_INSTRUCTIONS FOR THE TASK_: What should be copied is the stretch of entries below from the line with "A couple relaxing" up to and including the line with "Close-up of the", exactly and without images.

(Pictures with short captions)
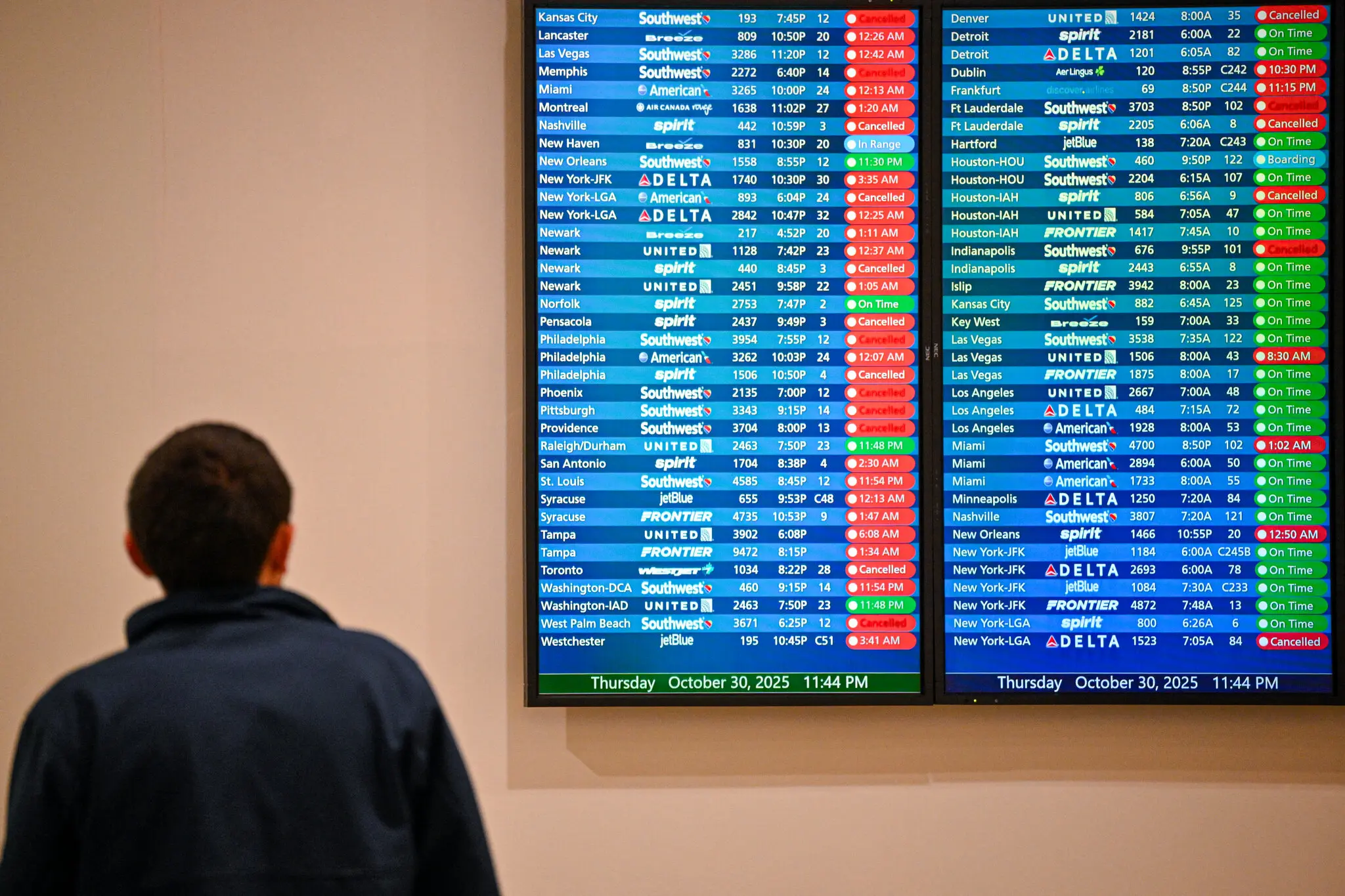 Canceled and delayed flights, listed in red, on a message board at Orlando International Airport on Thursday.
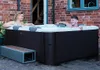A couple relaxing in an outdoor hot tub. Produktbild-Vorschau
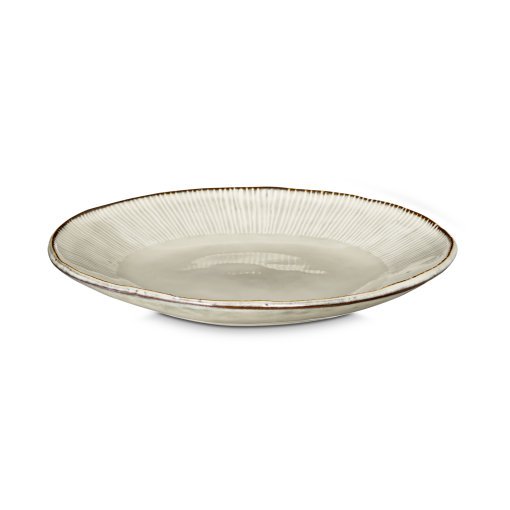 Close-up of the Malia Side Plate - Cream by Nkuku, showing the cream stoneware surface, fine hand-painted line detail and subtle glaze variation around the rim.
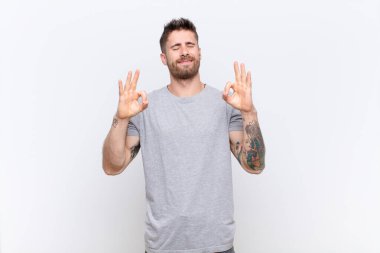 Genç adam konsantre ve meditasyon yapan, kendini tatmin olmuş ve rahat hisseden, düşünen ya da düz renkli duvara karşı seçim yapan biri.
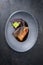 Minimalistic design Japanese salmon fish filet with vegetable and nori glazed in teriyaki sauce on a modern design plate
* * *
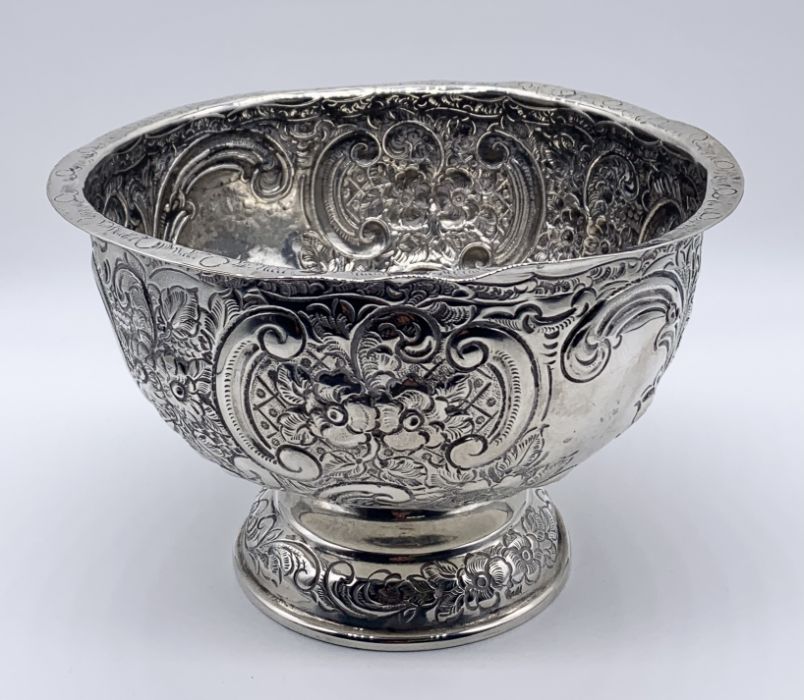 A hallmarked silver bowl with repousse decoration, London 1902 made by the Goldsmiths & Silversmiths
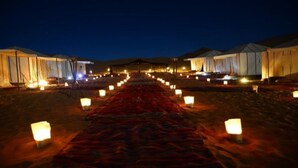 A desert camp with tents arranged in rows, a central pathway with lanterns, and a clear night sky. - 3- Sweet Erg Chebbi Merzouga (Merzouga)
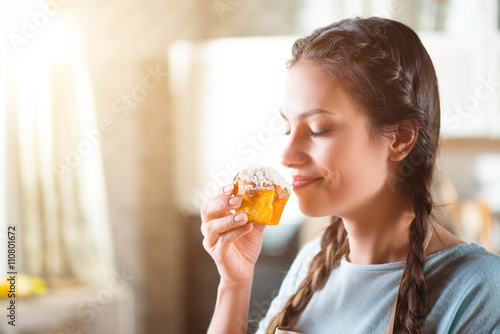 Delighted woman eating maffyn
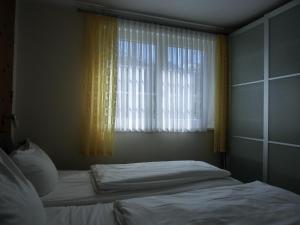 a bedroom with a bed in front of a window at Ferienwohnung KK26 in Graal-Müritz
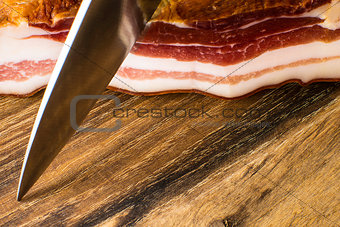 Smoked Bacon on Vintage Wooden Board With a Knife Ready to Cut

_SOLUTION_:
A couple relaxing in an outdoor hot tub. Produktbild-Vorschau
 Close-up of the Malia Side Plate - Cream by Nkuku, showing the cream stoneware surface, fine hand-painted line detail and subtle glaze variation around the rim.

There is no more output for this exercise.